If you put a pin hole in a soda straw above the liquid level and try to suck the liquid out of a can, all you will get is air. Same principal.

The ONLY other thing it can be is a stuck open pressure regulator slide valve inside the pump. I've see a brand new pump fail because the slide valve piston bore was not machined properly and when the piston went open to regulate pressure it stuck open. We could duplicate the failure by manually pressing the slide valve to the open position and it would stay open and not slide shut on its own. They can also get stuck open if there is debris in the slide valve opening. If you get ZERO pressure in the mechanical gage, STICK A FORK IN IT..ITS DONE, Tear it back down and asses the failure mode.
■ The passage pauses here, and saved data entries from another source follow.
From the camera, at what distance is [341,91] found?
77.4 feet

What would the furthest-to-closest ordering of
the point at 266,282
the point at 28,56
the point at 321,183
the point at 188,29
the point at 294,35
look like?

ON A SIDE NOTE and I was so paranoid about my ZERO OIL PRESSURE symptoms, (caused by an electrical issue) after the second tear down, and needing to insure that the O RING was good.. I Ran my engine with the front cover off for long enough to see pressure on the gage. YES, it works and it wasn't as messy as one would think.

Call me if you need to.

Bill
I just wanted to update everyone on what ended up happening. I should have been more specific looking back about what upgrades I had. I upgraded my entire timing set with a COMP Cams timing set that includes a double roller timing chain and gears, which also requires oil pump spacers so that the wider double roller chain doesn't rub against the pump. One of the spacers has a hole that needs to line up on the oil passage port. Mine was off and the oil passage port was blocked. Once the spacer was positioned properly, 40PSI on my melling high pressure right away.

Thank you everyone for their time and help on this project. The last piece I need to fix is a bad knock sensor which I believe is because I broke the lip of the sensor off while trying to remove and inspect the cam via valley cover. I'll be replacing both sensors and wiring harness this weekend to remedy my P0327 CEL.